Once your company has decided to expand into different markets, it is time to address the issue of website localisation in order to grow your business. While this process may seem fairly simple, there are quite a few obstacles that your team needs to overcome.
There are also best practice and maintenance decisions to make along the way. The most important part, is that the localisation process is essentially two things – a set up, followed by an ongoing set of updates.
The traditional process for website localisation

Define your comprehensive strategy
So what’s the most common mistake here? A lack of a clear and comprehensive strategy.
You need a solid roadmap to adapt your site. This means you need to be sure about formats, messaging, and content facing new regions without diluting the brand.
Choose the right countries
Decide which countries you should target and how your brand voice should translate into the local languages of your new markets.
Keep a good eye on what success looks like via KPIs for your newly localised markets.
We recommend some solid research on cultural differences, purchasing behaviors, and local payment preferences (if needed) so you’re not left scrambling when you need to deal with sales and terms for new clients.

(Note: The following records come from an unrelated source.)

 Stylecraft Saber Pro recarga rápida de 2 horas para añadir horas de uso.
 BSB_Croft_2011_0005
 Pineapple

Design pages with localization in mind
Website design needs localisation, not just the copy, because layouts that work in one language often break in another. The old approach—design in one language and translate later, usually increases costs and slows down over time. Why? New pages introduce more opportunities for errors and bugs.

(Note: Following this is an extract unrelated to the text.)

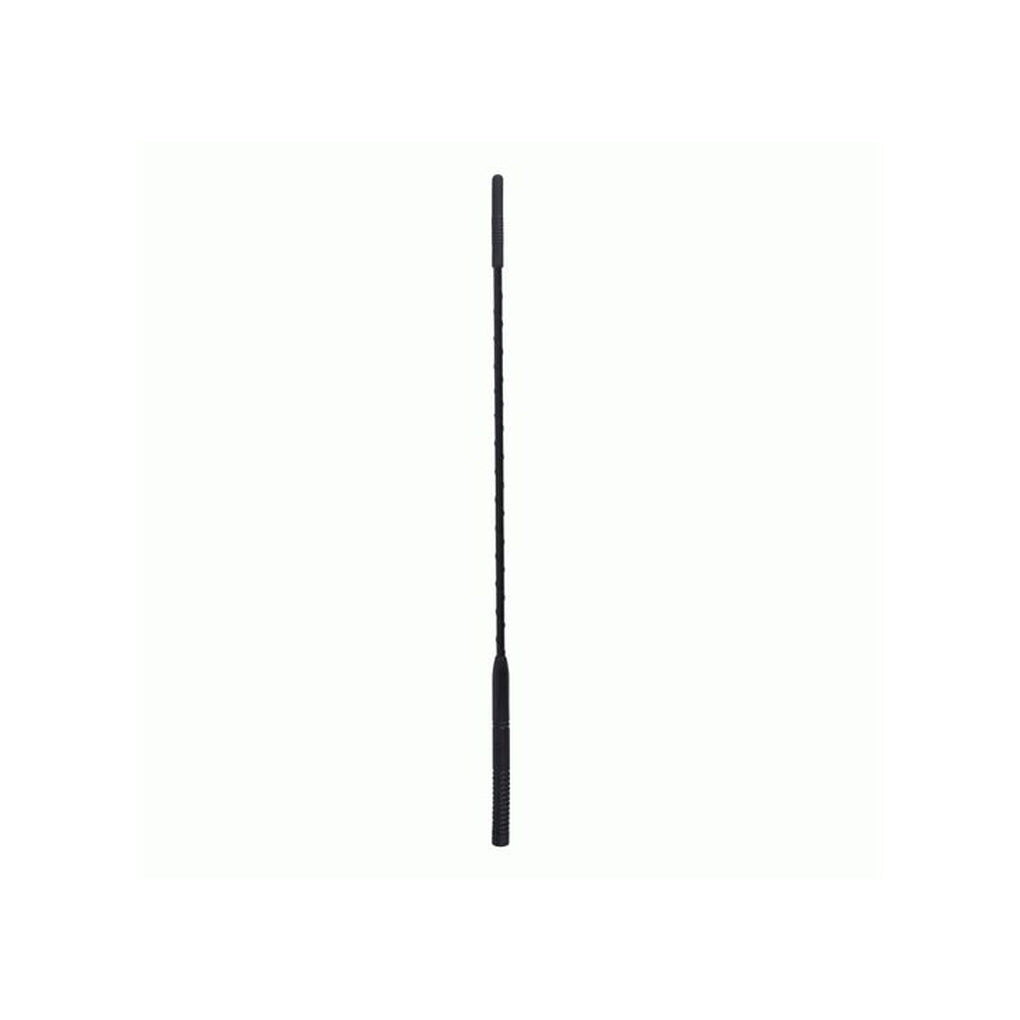 Metra 44-RMMC1 Replacement Antenna Mast Harley Davidson 19982013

Plan early for text expansion and contraction. Some languages take significantly more or less space than English. Make sure your design system can handle non-Latin scripts like Chinese and Japanese, including different character density and vertical expansion patterns. The new version needs to stay clean across languages rather than looking “just translated.”
Create a solid workflow
When you localise your website it is not only a project for the development team. It actually involves developers, product managers, copywriters, marketers, translators, and QA—so you need careful project management across departments in order to make this work.
Teams usually follow a continuous/agile model. Continuous localisation keeps global sites more consistent because new content gets translated as it’s created rather than being bundled into separate projects. Some CMS platforms support localisation integrations that reduce manual steps and avoid organisational chaos. The goal is a workflow that keeps translations in sync with site changes while delegating to the right people at the right time to push updates and translations effectively.
Translate your web pages
Once the site is ready for localisation, translation becomes the next hurdle. The quickest way to deal with this is to incorporate AI into your translation process and have some well established and marketing accurate translators on hand. They need to be ready to respond every time you update your web copy, or add something new to the site. Generally, you would expect to hire freelancers or separate agencies, unless you already have a dedicated team for your new markets.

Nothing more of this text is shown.